Patients with a solitary dural plasmacytoma have been reported with a female predominance of 84% and a mean age of 50.2 years. Clinically, combination therapy including surgical resection followed by at least 50 Gy radiotherapy is recommended, and long-term survival has been observed. On the other hand, patients with myelomatous meningeal involvement have shown an extremely poor prognosis despite intensified treatment, including intrathecal and/or systemic chemotherapy and cranial radiotherapy [2]. Our patient showed a recurrence almost 1 year after the initial diagnosis.
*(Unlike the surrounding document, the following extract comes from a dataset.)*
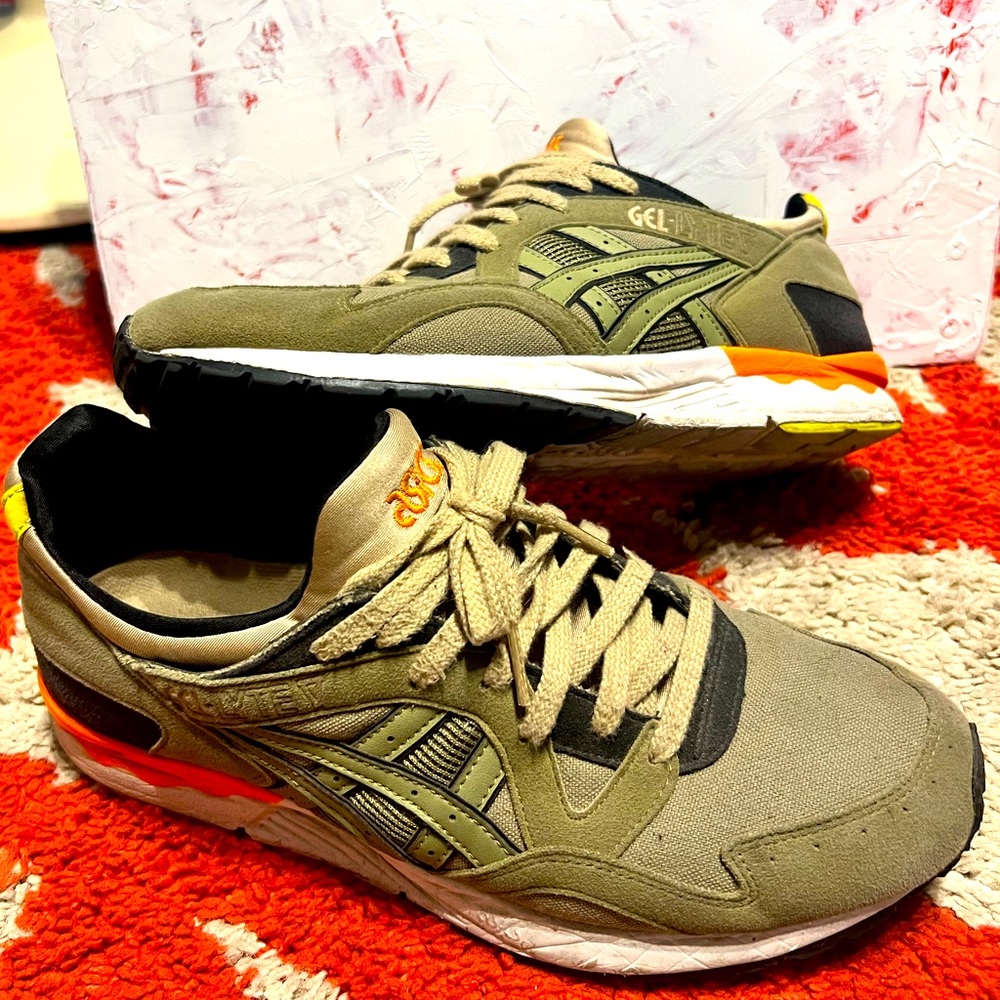 Men’s size 10 ASICS used but still in great condition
We consider that postoperative radiotherapy was delayed by about 2 months because of intensive care, which might have caused the early recurrence.

Finally, many tumors, such as metastases of carcinomas from the breast, colon, lung and renal cells, or non-neoplastic lesions, such as subdural hematomas arising from the dura mimicking meningiomas, have been reported, but intracranial plasmacytoma is relatively rare. We consider that plasmacytoma should be included in the differential diagnosis of meningioma.